# Java2UML



## Onnur (1. Apr 2010)

Hey,

kann mir jemand eine gute Software verraten die aus fertigen Java-Code UML Diagramme erstellen kann? Bitte kein Eclipse-Plugin, dies benutze ich nicht. Netbeans hat leider vor einigen Versionen die UML-Unterstützung eingestellt.


----------



## faetzminator (1. Apr 2010)

Du könntest auch Eclipse installieren, nur um die UMLs zu generieren  Da gäbs nämlich wirklich Plugins


----------



## joschu (21. Apr 2010)

Welches Plugin (bzw. welche Plugins) wäre hier denn empfehlenswert?
Suche Zwecks reverse engineering genau solch ein Plugin, dass mir aus einem gegebenen (umfangreichen) Java Quellcode UML-Diagramme erstellen kann.

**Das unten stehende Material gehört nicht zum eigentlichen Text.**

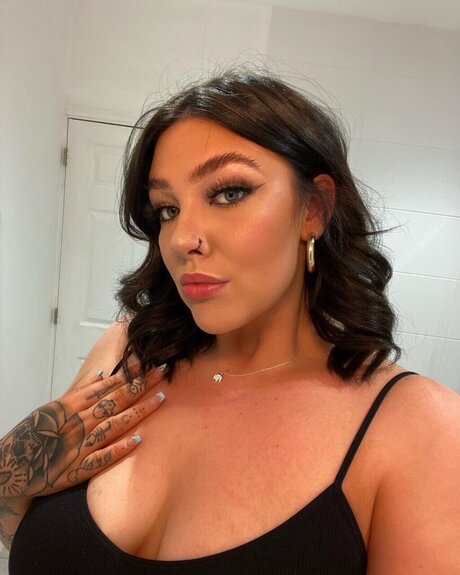 Tiffanyrose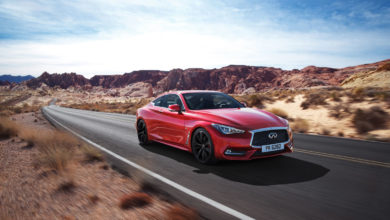 Photo of Nouvelle Infiniti Q60 : l&rsquo;audace paiera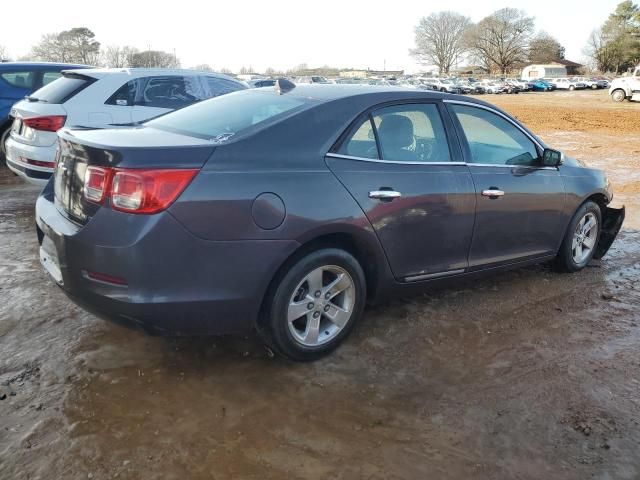 2013 Chevrolet Malibu 1LT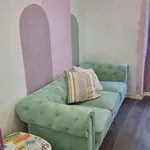 Alugar 1 quarto apartamento de 35 m² em Lisbon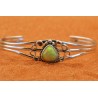 Bracelet opale Welo
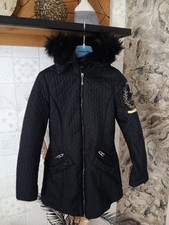 Winterjacke Wintermantel  Xs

Anforderungen: Sollte kostenlos sein und mit umfangreicheren Projekten umgehen können.

Danke


----------



## MarderFahrer (21. Apr 2010)

Also ich kann ESSModel empfehlen. 
Ist eine einzelne .exe. Braucht man also nicht installieren.
Außerdem war es mal kommerzielle Software aber mittlerweile wird sie als Open Source über die GPL verteilt. Ich finde die SW macht gaz brauchbare Diagramme.

Hier ein Link: ESS-Model


----------